# Microphone driver?



## Animesing

Is there a such thing as a microphone driver? For some reason i just bought my new headset to use the microphone but for some reason the comp is not recognizing it. I used to use a headset b4 this one and everything worked fine. Is there anyway that i can download a driver for comp so it can recoginize the headset so i can use my microphone?


----------



## Triple6

No such thing unless its USB.

If you have sound then the audio driver is working.

You may have the MIC muted under recording(not playback) in the volume control panel. To switch to recording open Volume Control from the system tray and go to Options and Properties. Select Recording.

Also make sure the MIC is plugged into the sound card's MIC jack and not the modem's MIC input.


----------



## Animesing

the mic is not muted, when i try to go to recording properties, it is unclickable and wont let me click on the properties. it is plugged into the mic slot next to the speaker slot.


----------



## Animesing

is there a programs that i can use to scan to set if there is a microphone set up?


----------



## Triple6

Not really. But maybe the driver isn't installed right.

If you go to Control Panel -> Sound and Audio Devices and look through the Audio tab, is there a sound recording device listed, is it the right one, can you access it's volume settings?


----------



## Animesing

i just reinstalled the soundmax driver and the same thing happens. when i go to the audio tab i can click on the volume tab but not the advance tab next to it.


----------



## Triple6

Is Soundmax listed the defualt device for both playback and recording?


----------



## pshnfry

And check sound settings in soundmax interface - you may have the rear panel in/out sockets configured for surround sound. This would explain microphone settings being unavailable.

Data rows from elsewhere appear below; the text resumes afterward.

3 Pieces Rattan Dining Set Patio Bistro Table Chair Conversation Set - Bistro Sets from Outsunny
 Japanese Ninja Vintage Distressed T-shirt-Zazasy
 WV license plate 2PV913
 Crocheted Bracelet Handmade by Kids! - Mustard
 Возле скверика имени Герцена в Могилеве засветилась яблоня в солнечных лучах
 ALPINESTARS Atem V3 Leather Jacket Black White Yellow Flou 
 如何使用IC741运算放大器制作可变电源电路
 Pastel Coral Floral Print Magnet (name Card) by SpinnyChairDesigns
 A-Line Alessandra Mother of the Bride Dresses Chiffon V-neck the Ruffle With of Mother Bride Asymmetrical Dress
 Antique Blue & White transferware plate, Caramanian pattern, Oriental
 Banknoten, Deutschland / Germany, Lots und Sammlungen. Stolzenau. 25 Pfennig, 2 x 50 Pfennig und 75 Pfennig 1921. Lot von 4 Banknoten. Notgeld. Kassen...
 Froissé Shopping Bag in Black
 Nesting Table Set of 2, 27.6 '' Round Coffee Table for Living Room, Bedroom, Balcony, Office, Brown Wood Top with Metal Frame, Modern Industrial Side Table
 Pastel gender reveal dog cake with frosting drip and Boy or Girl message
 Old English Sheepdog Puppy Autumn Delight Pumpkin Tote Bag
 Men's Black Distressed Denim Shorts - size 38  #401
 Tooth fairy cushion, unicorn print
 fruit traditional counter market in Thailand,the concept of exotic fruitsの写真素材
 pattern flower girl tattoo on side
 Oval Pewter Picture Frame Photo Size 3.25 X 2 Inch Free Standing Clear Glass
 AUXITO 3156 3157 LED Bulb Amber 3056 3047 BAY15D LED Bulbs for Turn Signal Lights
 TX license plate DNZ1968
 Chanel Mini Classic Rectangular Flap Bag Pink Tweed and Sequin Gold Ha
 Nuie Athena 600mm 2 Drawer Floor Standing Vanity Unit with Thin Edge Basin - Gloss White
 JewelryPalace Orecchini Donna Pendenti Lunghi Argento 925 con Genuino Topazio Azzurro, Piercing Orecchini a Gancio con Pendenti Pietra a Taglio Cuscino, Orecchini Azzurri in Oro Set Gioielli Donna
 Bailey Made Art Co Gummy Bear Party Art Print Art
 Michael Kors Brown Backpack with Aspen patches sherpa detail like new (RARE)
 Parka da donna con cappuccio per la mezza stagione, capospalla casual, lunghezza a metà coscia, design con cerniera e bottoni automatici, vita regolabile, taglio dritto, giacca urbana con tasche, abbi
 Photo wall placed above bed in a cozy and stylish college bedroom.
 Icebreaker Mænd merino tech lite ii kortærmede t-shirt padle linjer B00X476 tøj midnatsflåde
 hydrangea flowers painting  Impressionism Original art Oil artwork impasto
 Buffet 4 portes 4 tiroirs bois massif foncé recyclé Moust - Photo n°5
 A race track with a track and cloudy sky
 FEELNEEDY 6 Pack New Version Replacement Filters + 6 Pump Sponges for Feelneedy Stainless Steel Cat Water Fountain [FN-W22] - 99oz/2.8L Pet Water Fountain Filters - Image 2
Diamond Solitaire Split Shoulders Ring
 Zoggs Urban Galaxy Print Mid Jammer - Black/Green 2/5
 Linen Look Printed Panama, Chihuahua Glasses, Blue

Assuming you are using the rear panel, if using the front panel, many noname cases are not usually wired up properly for sound from the front panel. If you are using the plug points at front of the case, try the rear panel plugs.


----------



## Triple6

Thats a good point, the MIC jack could be re-assigned for 4/6/8 channel audio output.


----------



## Kingbnes94

i am having the exact same problem im using sound max and no matter what i try my mic wont work its brand new. ive tried everything that was mentioned before i even searched the net. im no idiot. please help. ps. im using a headset mounted mic and the headset is working perfectly sound and all, well except for the mic


----------